Der Metallarbeiter und Anarchosyndikalist Wilhelm Wehner
von Eveline Linke

Dieses Buch ist mehr als nur die individuelle Lebensgeschichte des Metallarbeiters und Anarchosyndikalisten Wilhelm Wehner.

Wilhelm Wehner. Anarchist, Syndikalist, Antimilitarist, Freigeist und Naturfreund. Hrsg. Initiative gegen das Vergessen Schweinfurt. Schweinfurt: Verlag Rudolph Druck, 2025. 140 S., 16 Euro

Auf Grundlage von ungefähr 600 Fotografien und verschiedenen Dokumenten aus seinem Nachlass zeichnet der Autor Norbert Lenhard den gesellschaftlichen und wirtschaftlichen Rahmen nach, in dem Wehner agierte, von der Schweinfurter Kugellagerindustrie über das solidarische Netzwerk der Arbeiterorganisationen bis zu den Folgen der beiden Weltkriege.

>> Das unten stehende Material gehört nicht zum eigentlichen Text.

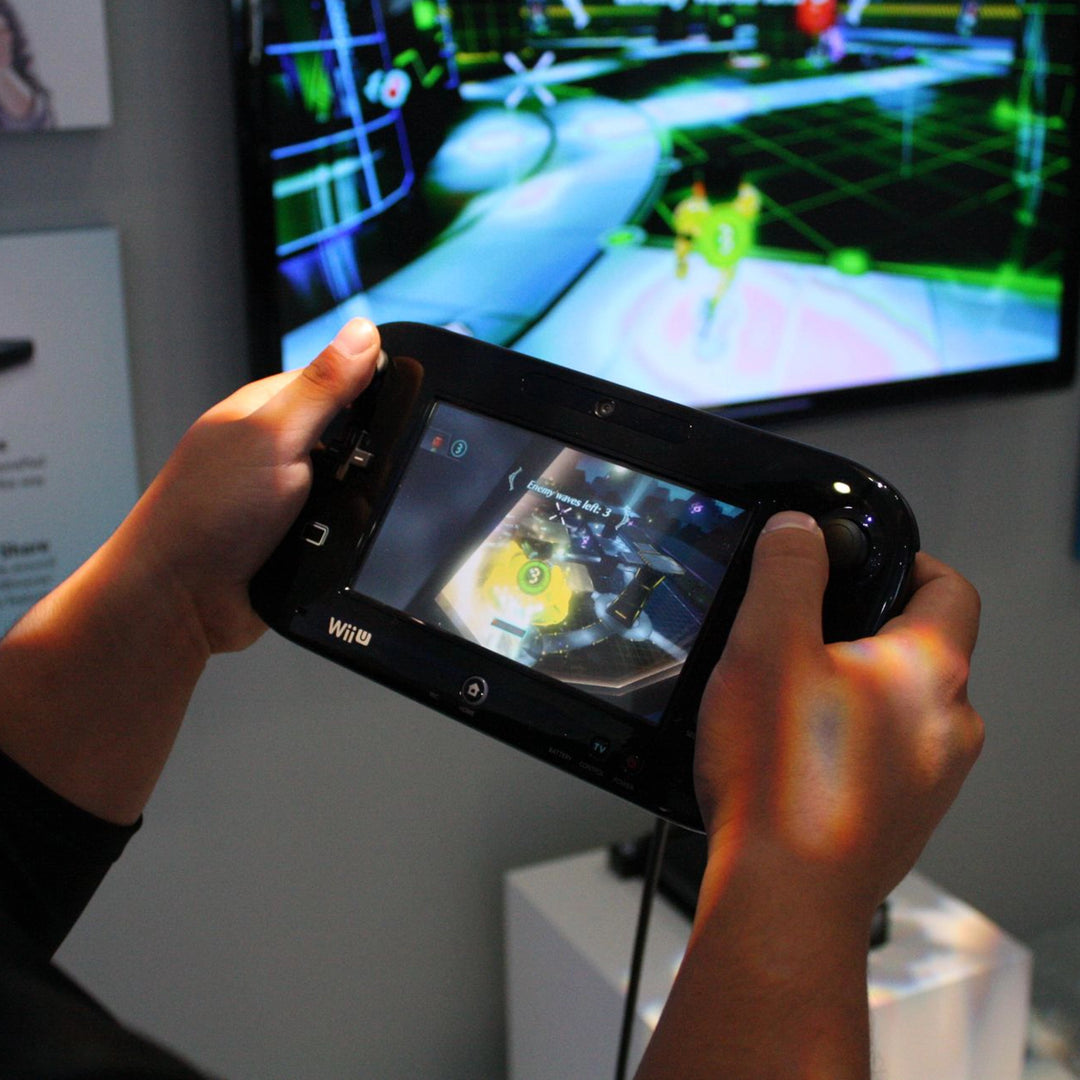 Nintendo Wii U Console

Wilhelm Wehner, geboren 1885, wurde früh politisch aktiv, trat mit 17 Jahren der Sozialdemokratischen Partei bei, arbeitete an verschiedenen anarchistischen Zeitschriften mit, auch redaktionell verantwortlich. Mit 21 verließ er Schweinfurt, lebte unter anderem in Berlin, wo er Anschluss an die Anarchistische Föderation und an den Sozialistischen Bund (SB) Gustav Landauers fand, dann in Mannheim und Stuttgart.
1913 kehrte er nach Schweinfurt zurück und heiratete.

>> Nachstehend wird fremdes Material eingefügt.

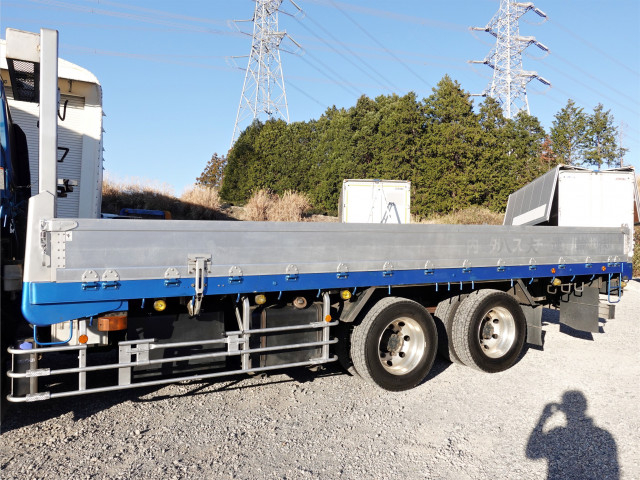 UDトラックス（日産） コンドル 増トン 平ボディ LDG-PW39L(99625) 9枚目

Mehrfach verbüßte er Haftstrafen, teils wegen seiner redaktionellen Tätigkeit oder »sicherheitsgefährdender Umtriebe«, insbesondere aber wegen seiner antimilitaristischen Überzeugung. Sie ließ ihn hartnäckig den Wehrdienst verweigern, als der Erste Weltkrieg ausbrach.
Nach dessen Ende baute er in Schweinfurt eine syndikalistische Gewerkschaft auf und beteiligte sich an der Schweinfurter Räterepublik.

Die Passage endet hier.